Sangamon County voters will be asked if Capital Township – which is completely within city of Springfield limits – should merge with the county government.
But both city and county officials say their respective government is best positioned to take over the responsibilities.
The township’s main functions are assessing real estate for property taxes and providing rent, utility and other help to low-income residents. Its annual budget is $2 million dollars, and it’s overseen by a five-member board.
Sangamon County Clerk Don Gray says the township has had a partial merger with them for decades – for example he serves as township assessor and the county treasurer also serves as township collector.
“We know here that we do it well. We've had a strong track record of providing for the services,” Gray said. “It would be a seamless transition to continue those services of general assistance and proper tax assessment.”
Still, some city officials argue that since the township residents are all also city residents, they would be better served if Springfield took over.
Mayor Jim Langfelder tried to get a referendum question about the city on the November ballot – but failed to get enough support from the city council. He and others are gathering petitions to get a question about the city merging with Capital Township on the ballot for the April municipal elections.
Springfield Ald. Joe McMenamin says the results of November’s county question won’t settle the issue.
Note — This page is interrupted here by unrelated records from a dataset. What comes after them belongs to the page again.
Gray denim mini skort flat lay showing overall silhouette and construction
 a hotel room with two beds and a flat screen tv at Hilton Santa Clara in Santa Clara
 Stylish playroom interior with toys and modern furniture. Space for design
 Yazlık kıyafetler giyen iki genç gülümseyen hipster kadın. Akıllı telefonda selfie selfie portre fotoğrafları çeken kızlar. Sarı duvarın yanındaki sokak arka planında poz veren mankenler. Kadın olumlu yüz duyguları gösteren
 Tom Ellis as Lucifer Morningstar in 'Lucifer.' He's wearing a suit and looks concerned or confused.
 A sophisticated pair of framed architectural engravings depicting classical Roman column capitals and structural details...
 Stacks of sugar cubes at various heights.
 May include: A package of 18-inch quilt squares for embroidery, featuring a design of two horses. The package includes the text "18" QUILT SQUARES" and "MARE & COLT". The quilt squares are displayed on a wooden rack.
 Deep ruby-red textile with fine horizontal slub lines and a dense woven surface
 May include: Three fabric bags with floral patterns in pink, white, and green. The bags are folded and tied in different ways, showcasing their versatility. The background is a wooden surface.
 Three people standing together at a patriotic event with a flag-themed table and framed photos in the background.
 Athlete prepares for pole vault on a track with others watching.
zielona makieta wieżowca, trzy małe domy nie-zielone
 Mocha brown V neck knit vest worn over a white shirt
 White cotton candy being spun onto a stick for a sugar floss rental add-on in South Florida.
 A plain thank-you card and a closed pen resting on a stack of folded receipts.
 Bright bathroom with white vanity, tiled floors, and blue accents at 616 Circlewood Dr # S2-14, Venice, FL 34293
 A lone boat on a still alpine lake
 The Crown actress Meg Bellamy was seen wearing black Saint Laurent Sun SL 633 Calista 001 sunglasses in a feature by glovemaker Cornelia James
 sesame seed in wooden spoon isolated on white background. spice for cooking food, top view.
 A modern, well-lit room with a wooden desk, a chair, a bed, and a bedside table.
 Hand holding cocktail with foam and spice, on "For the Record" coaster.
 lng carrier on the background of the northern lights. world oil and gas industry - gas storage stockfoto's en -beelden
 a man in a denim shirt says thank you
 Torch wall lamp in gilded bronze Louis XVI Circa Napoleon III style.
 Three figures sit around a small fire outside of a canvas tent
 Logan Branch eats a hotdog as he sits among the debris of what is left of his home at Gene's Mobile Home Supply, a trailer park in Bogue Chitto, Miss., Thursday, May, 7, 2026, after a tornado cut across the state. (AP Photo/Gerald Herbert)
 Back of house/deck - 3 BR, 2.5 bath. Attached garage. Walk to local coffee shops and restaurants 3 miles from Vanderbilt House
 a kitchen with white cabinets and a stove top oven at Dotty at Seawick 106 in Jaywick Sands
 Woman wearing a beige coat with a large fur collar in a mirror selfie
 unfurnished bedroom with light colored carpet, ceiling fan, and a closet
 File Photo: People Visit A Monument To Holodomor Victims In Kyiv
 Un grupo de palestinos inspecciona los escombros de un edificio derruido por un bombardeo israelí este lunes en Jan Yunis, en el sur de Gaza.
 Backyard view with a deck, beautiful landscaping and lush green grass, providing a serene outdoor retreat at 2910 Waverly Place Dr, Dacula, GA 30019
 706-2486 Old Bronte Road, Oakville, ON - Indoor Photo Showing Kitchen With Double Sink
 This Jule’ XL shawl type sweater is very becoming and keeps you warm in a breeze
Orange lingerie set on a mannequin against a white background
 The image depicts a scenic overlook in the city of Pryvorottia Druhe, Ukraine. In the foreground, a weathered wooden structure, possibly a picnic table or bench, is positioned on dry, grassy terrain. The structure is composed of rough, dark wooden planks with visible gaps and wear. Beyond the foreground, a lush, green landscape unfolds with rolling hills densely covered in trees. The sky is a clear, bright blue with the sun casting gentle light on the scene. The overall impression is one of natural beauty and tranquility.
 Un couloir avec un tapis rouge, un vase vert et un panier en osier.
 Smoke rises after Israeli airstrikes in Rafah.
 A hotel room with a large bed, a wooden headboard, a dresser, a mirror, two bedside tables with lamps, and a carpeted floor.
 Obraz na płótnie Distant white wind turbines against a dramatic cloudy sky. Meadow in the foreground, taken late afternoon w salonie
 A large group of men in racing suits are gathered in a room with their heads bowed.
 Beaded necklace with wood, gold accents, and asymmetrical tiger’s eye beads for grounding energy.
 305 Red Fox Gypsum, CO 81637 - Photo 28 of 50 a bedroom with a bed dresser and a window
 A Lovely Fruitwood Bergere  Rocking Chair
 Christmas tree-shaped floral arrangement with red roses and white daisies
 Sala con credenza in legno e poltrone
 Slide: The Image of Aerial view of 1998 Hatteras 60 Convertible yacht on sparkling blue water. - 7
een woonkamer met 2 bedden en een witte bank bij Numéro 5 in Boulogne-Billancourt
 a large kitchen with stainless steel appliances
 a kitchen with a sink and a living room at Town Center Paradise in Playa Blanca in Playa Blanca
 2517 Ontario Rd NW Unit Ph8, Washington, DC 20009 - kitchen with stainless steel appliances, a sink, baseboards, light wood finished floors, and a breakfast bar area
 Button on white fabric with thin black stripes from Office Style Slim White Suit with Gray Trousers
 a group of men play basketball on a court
“I think the results will be inconclusive. I think the better answer is no,” he said. “But I can understand why people would vote yes, until they see a better question posed to them regarding the merger to the city.”
Both questions are advisory. It would take a state law to dissolve Capital Township. These questions come at a time when there is a push in the legislature to consolidate local governments.
The other question on Tuesday’s ballot asks if Sangamon County should raise its sales tax to fund school infrastructure.